# Myrtle



## seang22 (Mar 3, 2014)

Can u fish on the beach at myrtle?


----------



## Misdirection (Jul 16, 2012)

In North Myrtle you can...not sure about Myrtle Beach...

Sent from my DROID RAZR using Ohub Campfire mobile app


----------



## guppygill (May 8, 2004)

Yes, when I go down I fish it at night under the spotlights.


----------



## nikmark (May 26, 2009)

Yes, but you need a fishing license. And, shark fishing is illegal in Horry County. I've fished from the beach at daybreak a few times, when it's quiet. Always caught enough to keep me occupied. Mostly sea mullet, pinfish, a small sea trout or two, small bluefish and small rays (about the size of a dinner plate).

I always just used a bottom rig. Three ounce pyramid sinker and a couple hooks spread up the line. Baited with frozen shrimp.


----------



## seang22 (Mar 3, 2014)

guppygill said:


> Yes, when I go down I fish it at night under the spotlights.


Do u have luck I wanna try some at night as well.


----------



## seang22 (Mar 3, 2014)

nikmark said:


> Yes, but you need a fishing license. And, shark fishing is illegal in Horry County. I've fished from the beach at daybreak a few times, when it's quiet. Always caught enough to keep me occupied. Mostly sea mullet, pinfish, a small sea trout or two, small bluefish and small rays (about the size of a dinner plate).
> 
> I always just used a bottom rig. Three ounce pyramid sinker and a couple hooks spread up the line. Baited with frozen shrimp.


Any luck with artificial?


----------



## Tom G (Sep 26, 2004)

you can fish the beach anytime you want. you can not fish for sharks BUT you will catch them. you can get a week fishing lic for $10.00 or you can go to most piers and you don't need a lic.


----------



## seang22 (Mar 3, 2014)

Y no shark? I've seen the dogfish caught there on the pier, what do I do to not fish for shark,?


----------



## caseyroo (Jun 26, 2006)

You will catch them, but the county does not want you to actively attract them to the beach area. Thus, no chumming, no blood, etc... There's is plenty of them there on their own. Plenty of black tips in the beach area in the summer


----------



## seang22 (Mar 3, 2014)

Makes since prob gna try artificial to. I got these Berkly shrimp baits I'd like to use


----------



## WeekendWarrior (Jan 20, 2008)

Use a mullet rig w/Sputnik 5 ounce sinker

http://cart.oysterbaytackle.com/fishing-rigs-surf-rigs-c-95_151/sea-striker-deluxe-mullet-rig-p-419

The trick is to cast over the last breaker. Only fish high tides. Low tides absolutely suck! I fish with a 10 ft rod/reel combo using live mullet purchased at bait stores in the area. As stated, sharks are plenty. I have inadvertently landed a couple of 5's to 7's accidentally ;-)

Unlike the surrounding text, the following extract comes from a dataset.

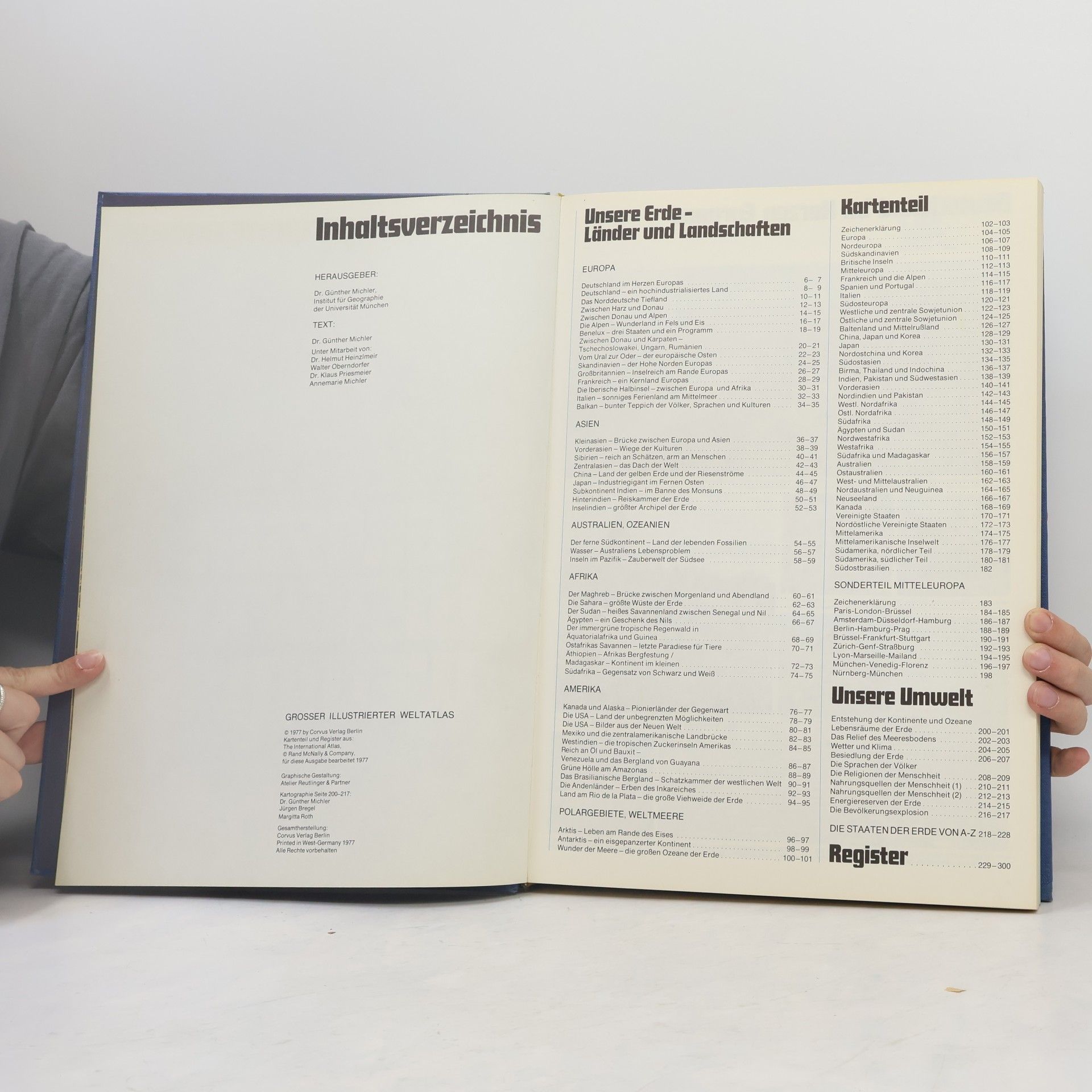 AA.VV. Grosser Illustrierter Welatatlas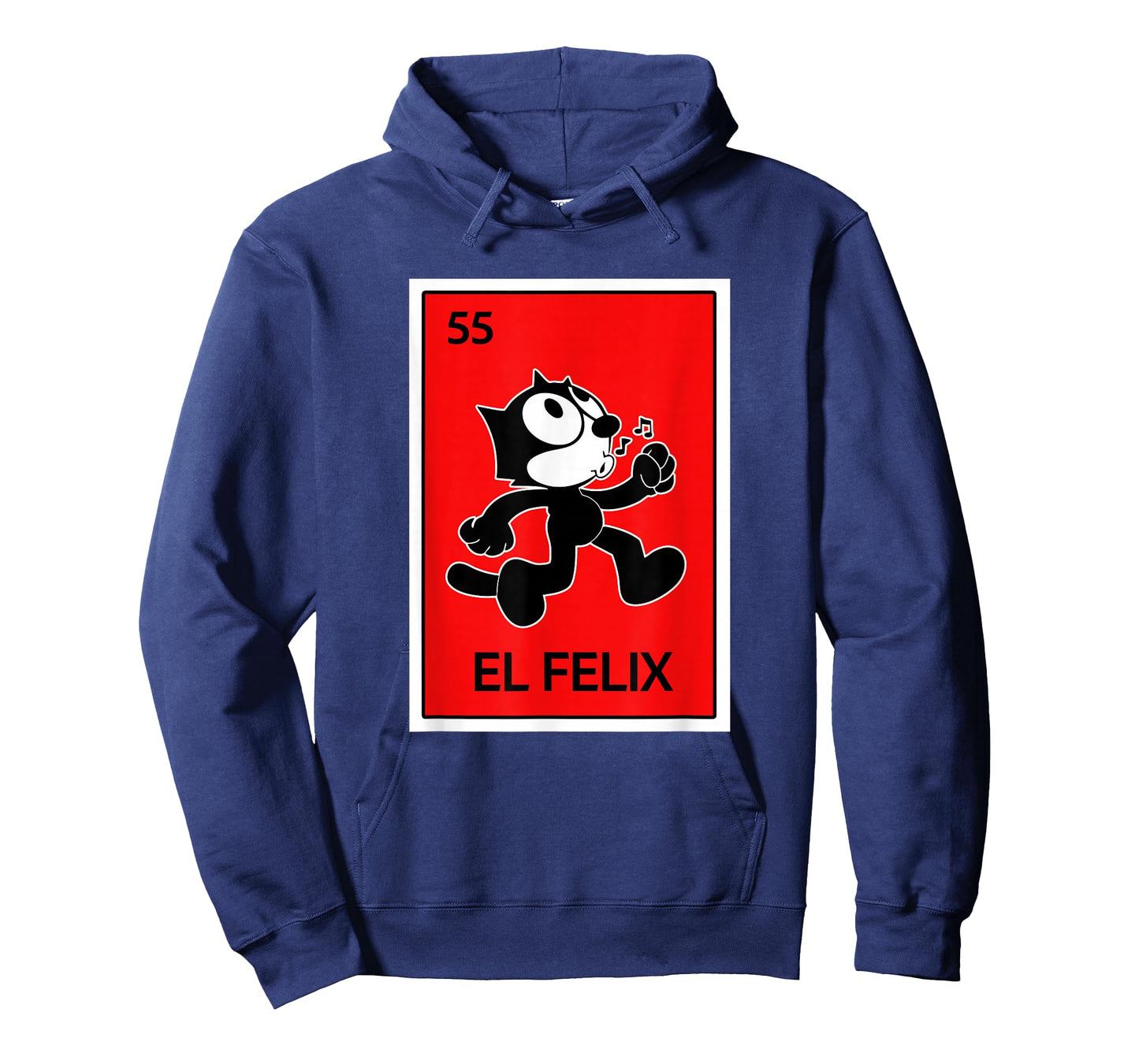 Mexican Lottery Designs El Felix, Cat Cartoon, Parody T-Shirt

I use this rig throughout May and June and switch over to a fish finder rig in July and August and fish the suds with lighter tackle for pompano, snapper and whiting. Basically the same rig as a mullet rig without the float. 

In May and June it is not uncommon to pull some very large Blue's, Flounder and Red Drum off the surf. I will caution you that the sharks are returning from spawn/birth from NC and you will see plenty in knee deep water if conditions (water visibility) allows. This is the sole reason I don't swim during high tide. My wife was bumped "essentially rammed" by a bull shark 2 years ago and nearly broke her thigh. 

Remember the ocean contains all predator fish. They all have teeth. If you can't get the hook, cut the line. Not worth a trip to the ER. Blue fish can be like piranha when taking them off the hook. 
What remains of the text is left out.